Friday, March 18, 2011

To Shave or Not To Shave

Many a wayward man has let his facial hair grow beyond reason, but not I. I mean, I’m not wayward, albeit I love Kansas’ song “Carry on My Wayward Son”. Nonetheless, I don’t think my goatee is beyond reason.

I mean if I had some growth or chin deformity, no one would challenge the existence of six inch hair from my chin to cover my shame. So why is it an issue now? Okay, I admit it gets in my food and my food sometimes gets in it, and I did get it caught in a Dremel tool one day. That was really bad. And I almost got it caught in a ¾ inch hammer drill, but hey, life can be dangerous.
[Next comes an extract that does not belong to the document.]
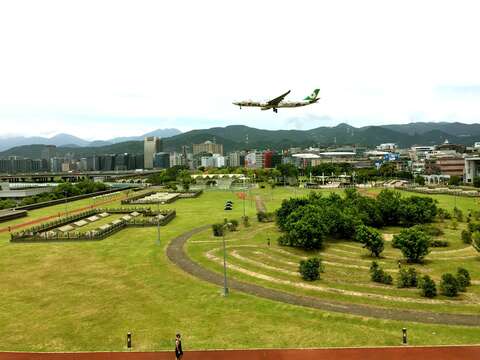 Burn off Your Extra Calories at Neihu Recreational Sports Park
So here’s my thought on the subject. I post all sorts of things on my Facebook page, and I post many if not all the blogs I write, most of which are deep and meant to provoke thought or action. And what’s crazy is, most people don’t comment. Now granted my blogs are often lengthy and sometimes wild spins on what’s happening in my heart and head at the time, but nonetheless I believe most are worthy of consideration. Yet one simple question regarding my goatee and at least 58 responses were posted.

I find it laughable that so many people hold an opinion about my facial hair. Maybe I should ask if I should shave my back hair. Oh I’m no preemie ape, but I do have these tufts of hair on my shoulder blades that look like undeveloped wings.

Anyway, the number one reason why I will shave my goatee, if I shave my goatee, is because I hate taking the time to shave around it. I prefer shaving in the shower and I just can’t do that with this extension of protein growing from my chin.

One drawback about cutting it; I’ll get carded going into biker bars. I look so young. At least with the goatee, I’ve got an in with the Amish and the tattooed biker crew, but if I cut it off then I’ll look like every other prepubescent wannabe AG minister, and I’m not sure if I can go back there again.

As for what I think of it, I like it. Sarah’s told me it makes me look like a bad @$$ and that’s not all bad. I mean if I hang out in the East Village or Fong’s Pizza everybody just gives me the obligatory nod of approval. I like that. I just can’t seem to bring myself to wearing the blue suit and wingtips anymore. Although we did buy a Buick La Sabre this last year, not because it looks pastoral, but because it was a great buy. But as rides go, I’d prefer a VW Beetle or a Ford E150 Van. I do have the van, and I used to drive a yellow bug, but I think the goatee has become an entity in and of itself. It’s even got its own website and Facebook fan page.

How can I say goodbye to such a close friend? How can I say goodbye to possibly the one and only thing I’m known for? God alone knows why my preaching and writing haven’t garnered interest like my chin hair has, so maybe it’s not all bad. Who knows, it might look good on a book jacket someday. I mean Gordon Fee has a killer goat. And C. Everett Koop just keeps pushing his chin hair on the world while he tells us smoking is killing us.

One of my favorite repeat clients told me I looked like Jeremiah the prophet. She’s just a year older than me, so I wonder how she knew him. Although she used to be a Catholic nun so maybe she had an inside track? Anyway, I’m flattered that so many people have taken the time to post a response as to whether I should cut it or not.

So while you all await my decision, consider my position on this whole matter. One final reason I like it is because so many people don’t. It’s as simple as that. Now granted if my job depended upon me cutting it, then of course I’d get a different job. But since my job is not contingent upon my cutting it, I might not cut it. I just don’t know.

To Shave or Not To Shave… that is the question.


  1. john millwood3/18/11, 10:02 PM

    good luck on your decision

  2. There may be some who simply read your blogs without posting a comment.